WORK ITEM - Reproduce exactly the lines below from the one containing "Ultra-Slim 10,000 m" through the one containing "cute valentine card / deer heart love note", including both, and nothing else.

RECORDS SHOWN Start Marker

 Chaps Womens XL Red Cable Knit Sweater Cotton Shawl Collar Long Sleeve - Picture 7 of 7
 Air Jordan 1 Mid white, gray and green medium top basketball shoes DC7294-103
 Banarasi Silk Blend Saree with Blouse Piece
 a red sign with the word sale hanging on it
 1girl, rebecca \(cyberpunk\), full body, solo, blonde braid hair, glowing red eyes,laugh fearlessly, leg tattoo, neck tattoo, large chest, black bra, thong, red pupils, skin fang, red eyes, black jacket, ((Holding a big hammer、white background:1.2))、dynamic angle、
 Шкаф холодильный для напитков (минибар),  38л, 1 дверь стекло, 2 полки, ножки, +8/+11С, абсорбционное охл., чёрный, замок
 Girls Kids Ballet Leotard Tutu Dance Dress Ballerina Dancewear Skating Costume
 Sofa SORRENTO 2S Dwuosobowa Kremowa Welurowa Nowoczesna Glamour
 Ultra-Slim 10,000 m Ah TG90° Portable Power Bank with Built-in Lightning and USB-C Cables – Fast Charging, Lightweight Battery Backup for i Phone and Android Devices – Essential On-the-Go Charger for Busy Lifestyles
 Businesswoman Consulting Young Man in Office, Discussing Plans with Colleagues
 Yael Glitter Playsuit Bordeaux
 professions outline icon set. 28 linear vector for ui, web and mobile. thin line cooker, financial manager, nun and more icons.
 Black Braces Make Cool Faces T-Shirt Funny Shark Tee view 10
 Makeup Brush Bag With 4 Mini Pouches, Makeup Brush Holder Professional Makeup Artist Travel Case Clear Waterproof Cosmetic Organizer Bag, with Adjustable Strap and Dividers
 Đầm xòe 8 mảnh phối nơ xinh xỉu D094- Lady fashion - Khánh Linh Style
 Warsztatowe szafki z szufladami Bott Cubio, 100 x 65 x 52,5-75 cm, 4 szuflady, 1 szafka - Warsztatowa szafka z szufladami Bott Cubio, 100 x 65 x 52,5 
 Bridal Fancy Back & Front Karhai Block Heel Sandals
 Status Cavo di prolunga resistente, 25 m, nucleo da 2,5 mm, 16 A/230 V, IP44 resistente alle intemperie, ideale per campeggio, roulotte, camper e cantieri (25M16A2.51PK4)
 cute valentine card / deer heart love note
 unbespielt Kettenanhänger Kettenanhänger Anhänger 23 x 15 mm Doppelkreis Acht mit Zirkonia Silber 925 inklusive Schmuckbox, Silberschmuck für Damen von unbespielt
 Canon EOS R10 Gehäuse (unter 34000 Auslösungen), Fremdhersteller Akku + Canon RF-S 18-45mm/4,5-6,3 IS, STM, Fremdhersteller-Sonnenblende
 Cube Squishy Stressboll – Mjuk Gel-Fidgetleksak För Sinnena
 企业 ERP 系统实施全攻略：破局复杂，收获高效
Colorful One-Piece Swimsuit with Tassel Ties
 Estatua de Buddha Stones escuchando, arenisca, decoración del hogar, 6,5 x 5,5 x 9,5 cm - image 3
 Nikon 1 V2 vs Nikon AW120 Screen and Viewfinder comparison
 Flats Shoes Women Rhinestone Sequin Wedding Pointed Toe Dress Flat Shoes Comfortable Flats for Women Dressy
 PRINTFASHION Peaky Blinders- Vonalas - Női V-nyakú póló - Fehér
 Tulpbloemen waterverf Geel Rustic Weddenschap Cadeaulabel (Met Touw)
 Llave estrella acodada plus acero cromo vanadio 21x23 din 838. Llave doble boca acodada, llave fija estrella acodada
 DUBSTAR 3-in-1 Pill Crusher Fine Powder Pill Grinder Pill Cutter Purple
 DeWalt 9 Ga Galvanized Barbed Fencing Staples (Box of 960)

RECORDS SHOWN End Marker

SOLUTION FOR THIS EXERCISE -
 Ultra-Slim 10,000 m Ah TG90° Portable Power Bank with Built-in Lightning and USB-C Cables – Fast Charging, Lightweight Battery Backup for i Phone and Android Devices – Essential On-the-Go Charger for Busy Lifestyles
 Businesswoman Consulting Young Man in Office, Discussing Plans with Colleagues
 Yael Glitter Playsuit Bordeaux
 professions outline icon set. 28 linear vector for ui, web and mobile. thin line cooker, financial manager, nun and more icons.
 Black Braces Make Cool Faces T-Shirt Funny Shark Tee view 10
 Makeup Brush Bag With 4 Mini Pouches, Makeup Brush Holder Professional Makeup Artist Travel Case Clear Waterproof Cosmetic Organizer Bag, with Adjustable Strap and Dividers
 Đầm xòe 8 mảnh phối nơ xinh xỉu D094- Lady fashion - Khánh Linh Style
 Warsztatowe szafki z szufladami Bott Cubio, 100 x 65 x 52,5-75 cm, 4 szuflady, 1 szafka - Warsztatowa szafka z szufladami Bott Cubio, 100 x 65 x 52,5 
 Bridal Fancy Back & Front Karhai Block Heel Sandals
 Status Cavo di prolunga resistente, 25 m, nucleo da 2,5 mm, 16 A/230 V, IP44 resistente alle intemperie, ideale per campeggio, roulotte, camper e cantieri (25M16A2.51PK4)
 cute valentine card / deer heart love note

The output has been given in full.